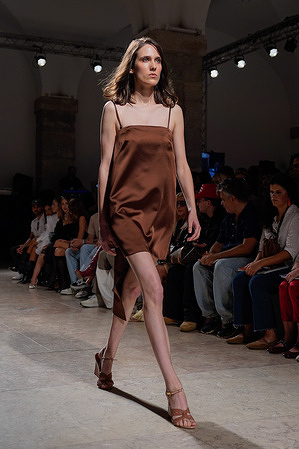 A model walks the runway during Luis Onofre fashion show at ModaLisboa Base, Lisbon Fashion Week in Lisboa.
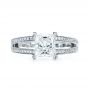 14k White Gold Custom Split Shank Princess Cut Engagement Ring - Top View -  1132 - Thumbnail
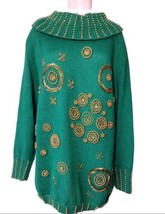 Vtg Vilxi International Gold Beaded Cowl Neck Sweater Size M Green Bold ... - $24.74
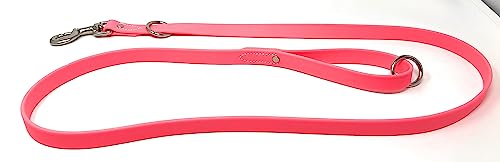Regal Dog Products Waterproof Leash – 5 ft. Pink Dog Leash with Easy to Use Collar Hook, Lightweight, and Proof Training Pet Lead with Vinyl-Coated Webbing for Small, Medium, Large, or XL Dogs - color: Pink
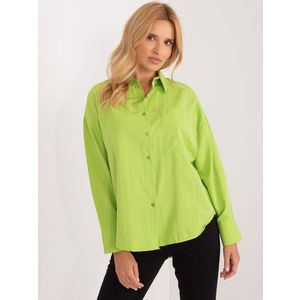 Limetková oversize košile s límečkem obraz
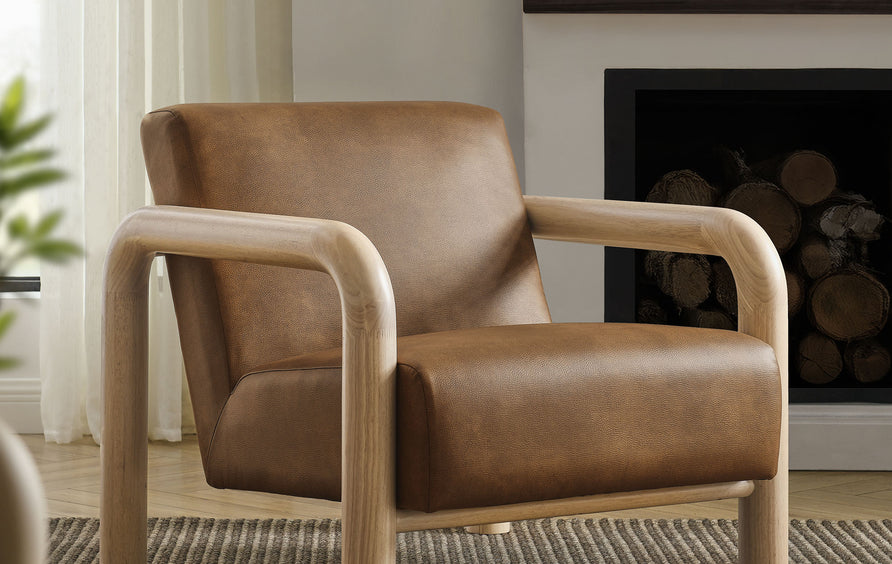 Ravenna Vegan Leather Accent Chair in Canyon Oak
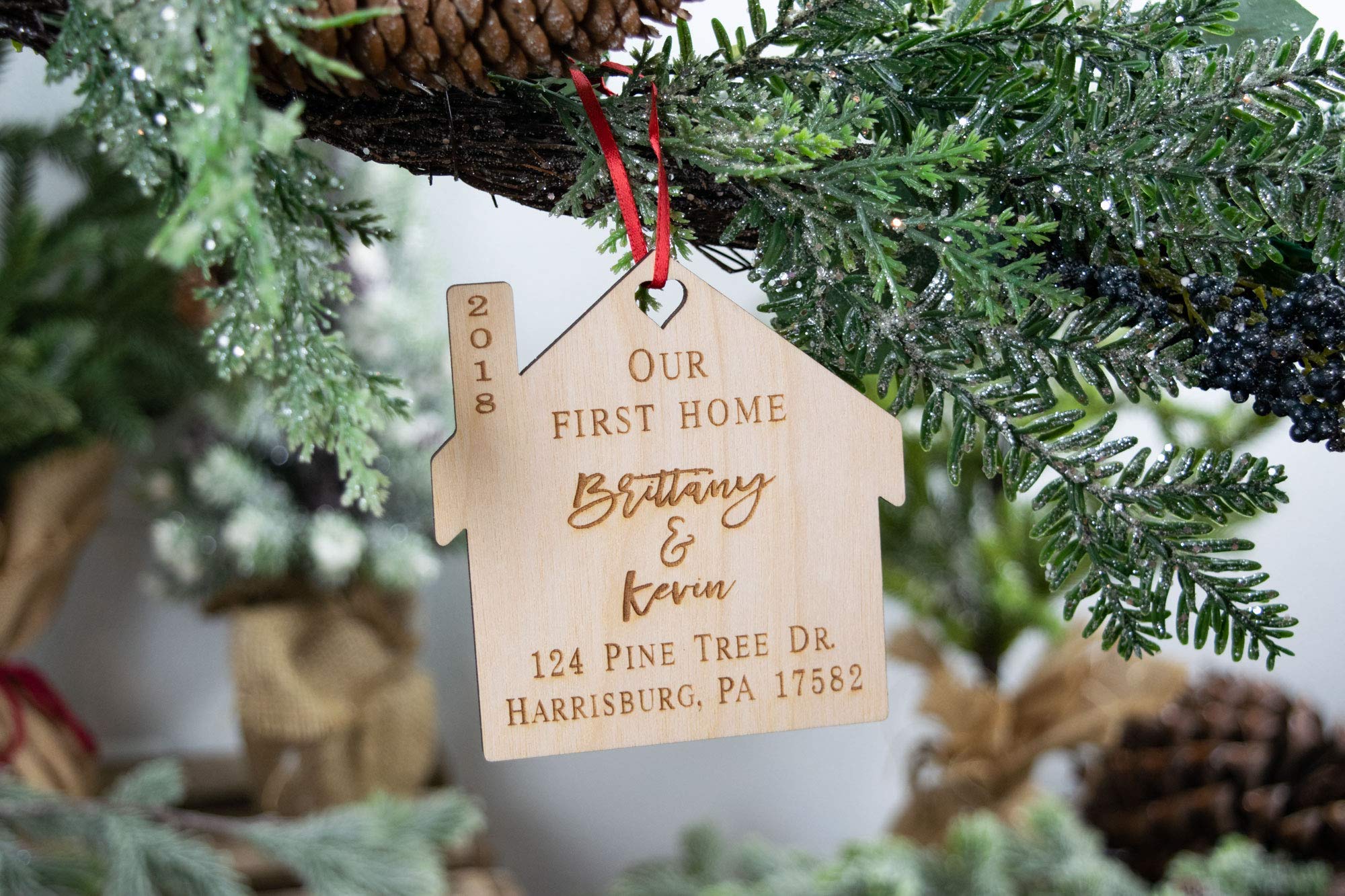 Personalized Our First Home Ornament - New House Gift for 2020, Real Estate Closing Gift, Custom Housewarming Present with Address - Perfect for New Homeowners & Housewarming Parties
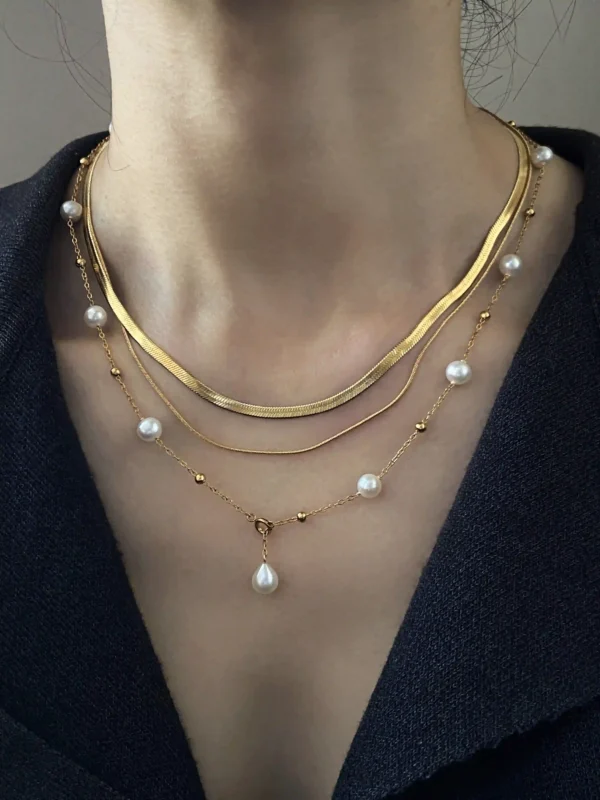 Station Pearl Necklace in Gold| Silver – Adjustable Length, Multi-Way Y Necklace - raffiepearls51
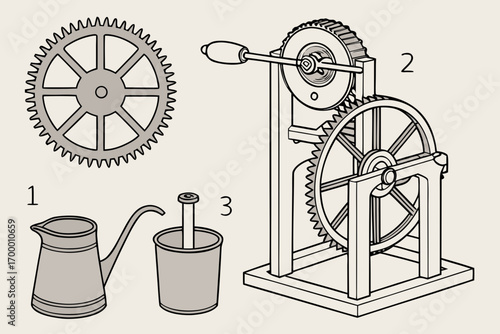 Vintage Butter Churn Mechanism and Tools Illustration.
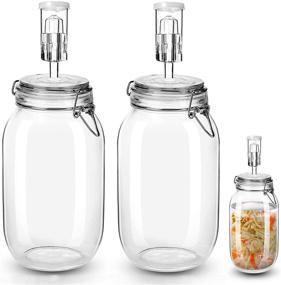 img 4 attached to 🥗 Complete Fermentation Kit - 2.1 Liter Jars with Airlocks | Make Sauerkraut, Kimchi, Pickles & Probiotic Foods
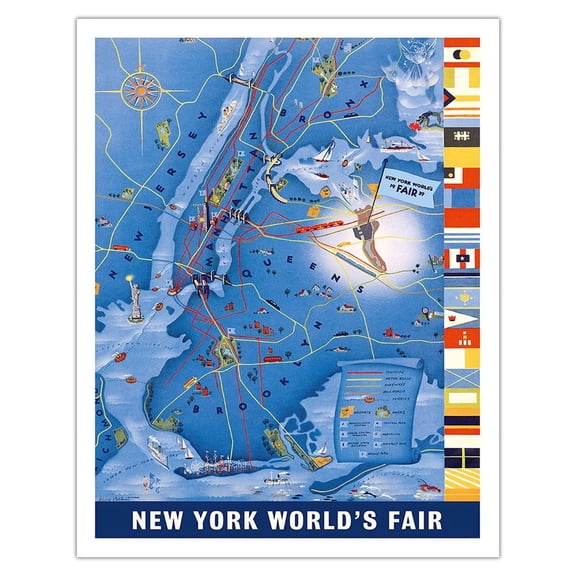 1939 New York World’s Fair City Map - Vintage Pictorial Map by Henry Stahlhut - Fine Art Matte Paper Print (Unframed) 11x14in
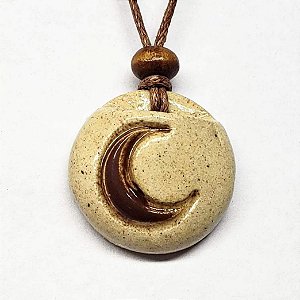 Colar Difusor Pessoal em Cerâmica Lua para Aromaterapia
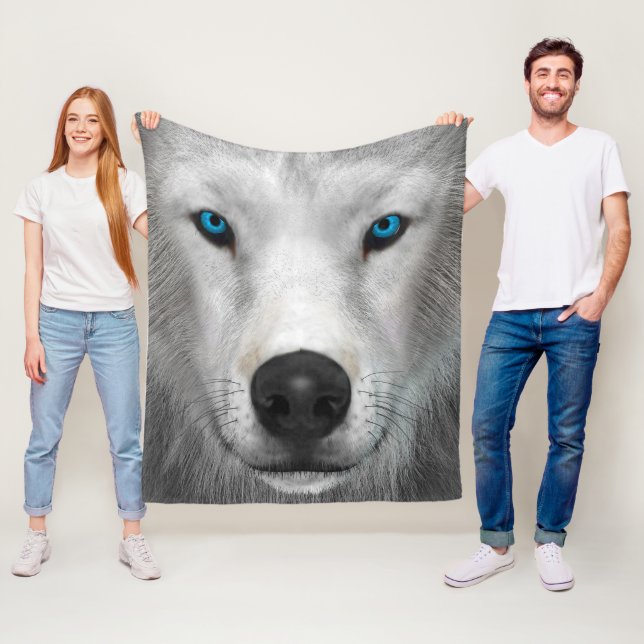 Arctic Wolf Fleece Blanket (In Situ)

************

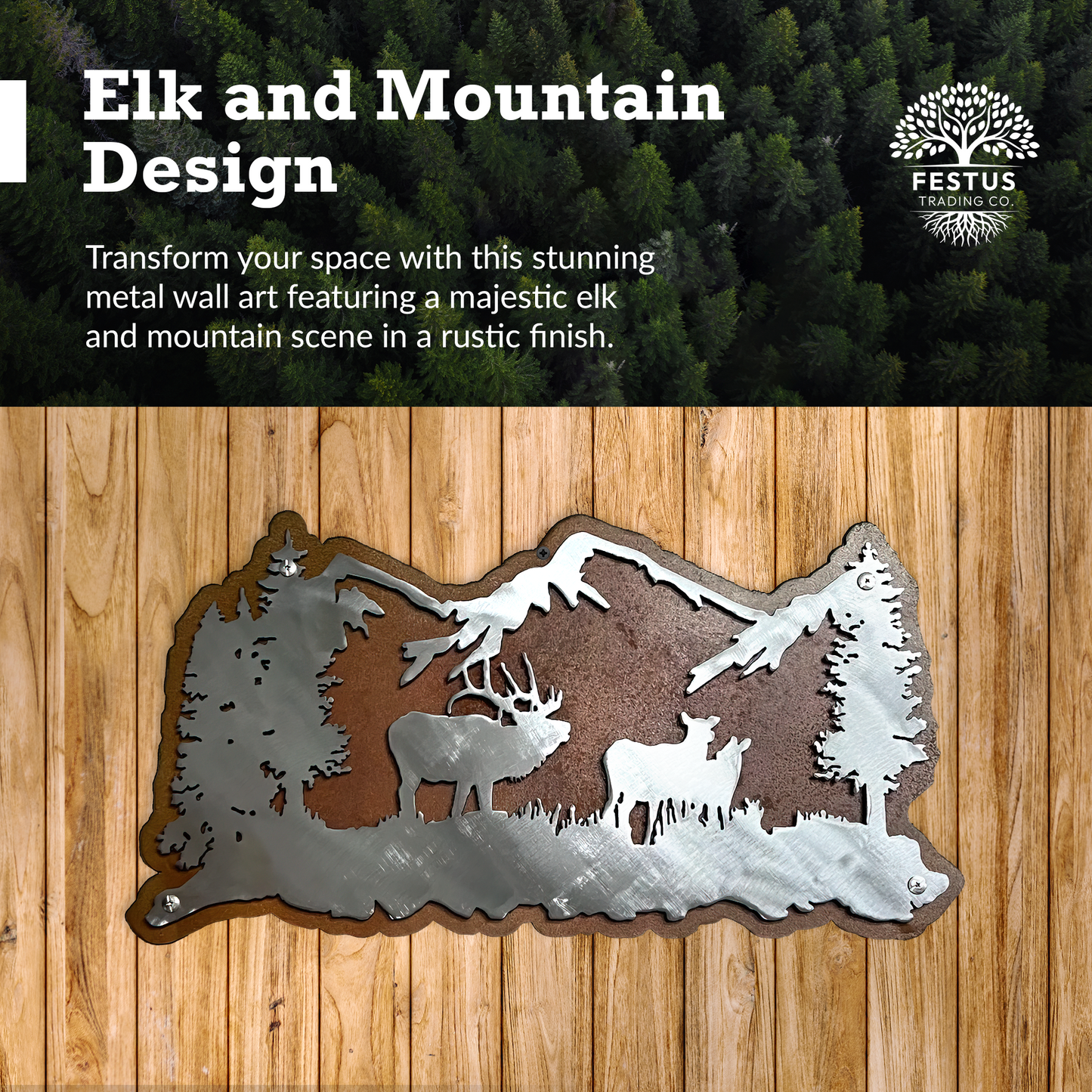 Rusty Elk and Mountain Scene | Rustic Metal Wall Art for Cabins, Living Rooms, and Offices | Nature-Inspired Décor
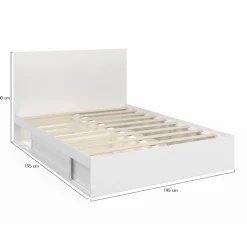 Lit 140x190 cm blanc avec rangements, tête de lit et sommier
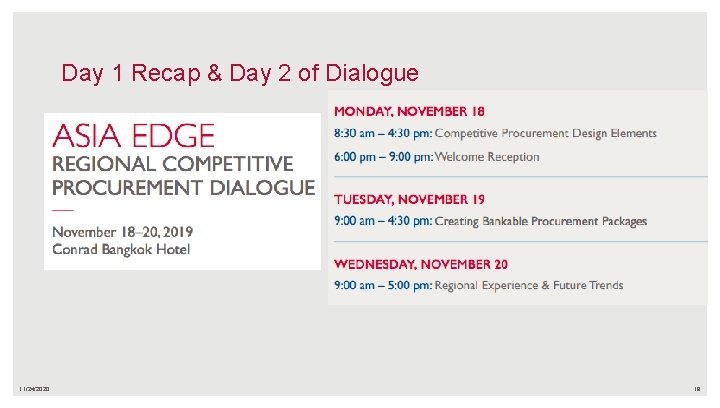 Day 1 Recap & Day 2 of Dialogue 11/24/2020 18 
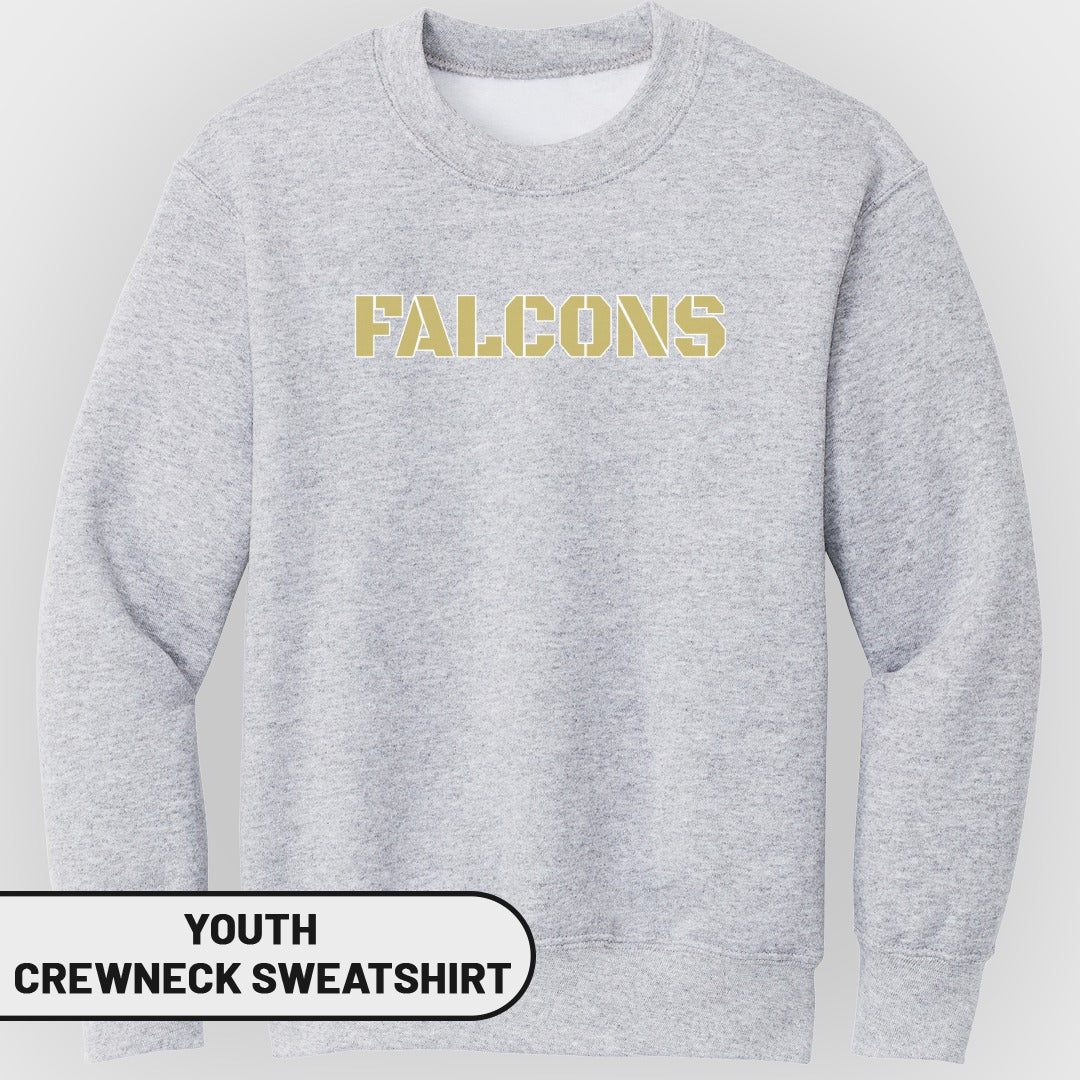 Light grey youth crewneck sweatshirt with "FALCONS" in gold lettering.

************

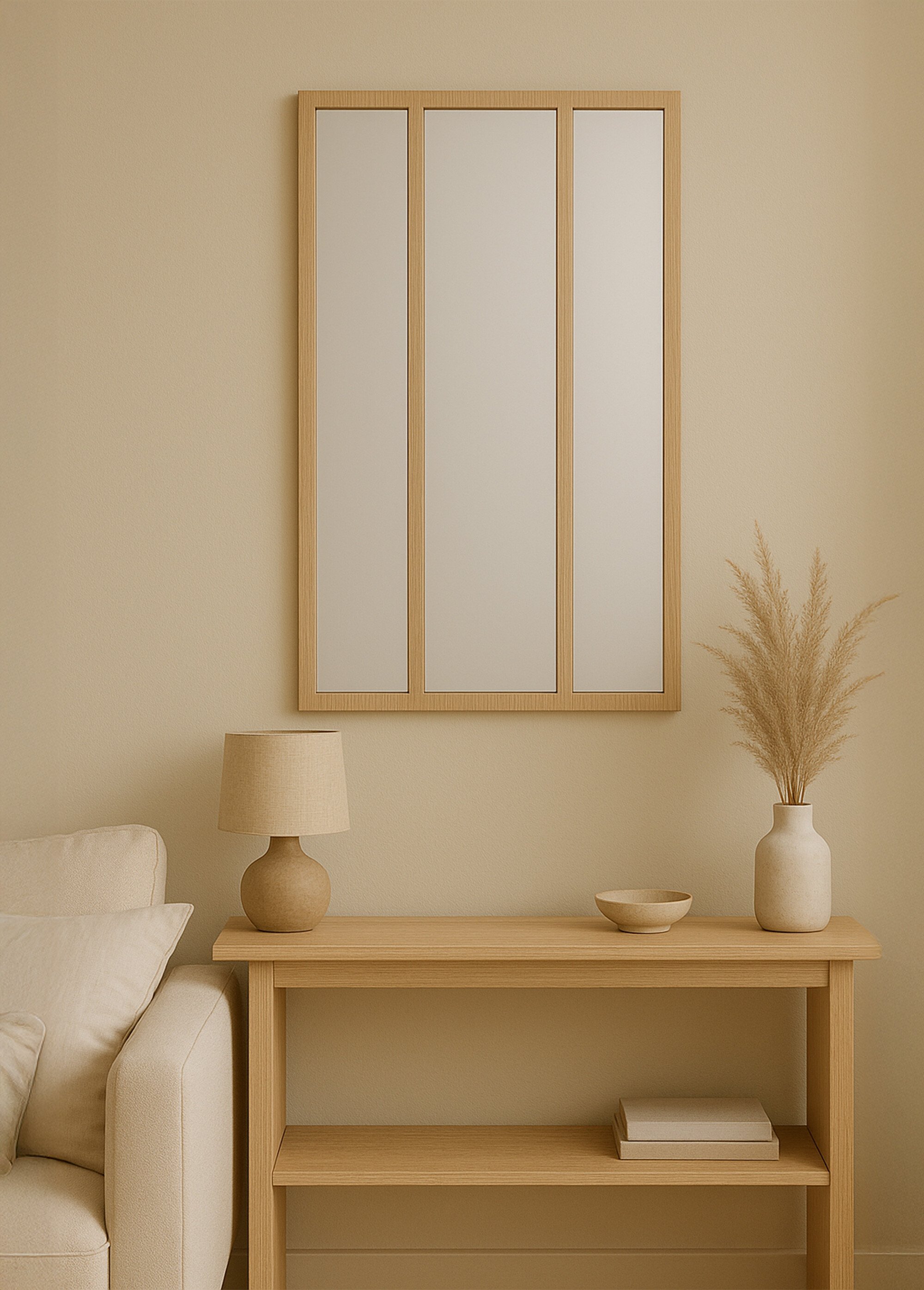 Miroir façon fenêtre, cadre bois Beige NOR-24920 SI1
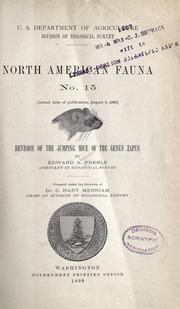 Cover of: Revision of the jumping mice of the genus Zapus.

************

In the material above, which lines fall between the one holding "A model walks" and the one holding "img 4 attached", inclusive? Print exactly those, with the pictures left out.

 A model walks the runway during Luis Onofre fashion show at ModaLisboa Base, Lisbon Fashion Week in Lisboa.
 14k White Gold Custom Split Shank Princess Cut Engagement Ring - Top View -  1132 - Thumbnail
 Vtg Vilxi International Gold Beaded Cowl Neck Sweater Size M Green Bold ... - $24.74
Regal Dog Products Waterproof Leash – 5 ft. Pink Dog Leash with Easy to Use Collar Hook, Lightweight, and Proof Training Pet Lead with Vinyl-Coated Webbing for Small, Medium, Large, or XL Dogs - color: Pink
 Limetková oversize košile s límečkem obraz
 Ravenna Vegan Leather Accent Chair in Canyon Oak
 Personalized Our First Home Ornament - New House Gift for 2020, Real Estate Closing Gift, Custom Housewarming Present with Address - Perfect for New Homeowners & Housewarming Parties
 Station Pearl Necklace in Gold| Silver – Adjustable Length, Multi-Way Y Necklace - raffiepearls51
 Vintage Butter Churn Mechanism and Tools Illustration.
 img 4 attached to 🥗 Complete Fermentation Kit - 2.1 Liter Jars with Airlocks | Make Sauerkraut, Kimchi, Pickles & Probiotic Foods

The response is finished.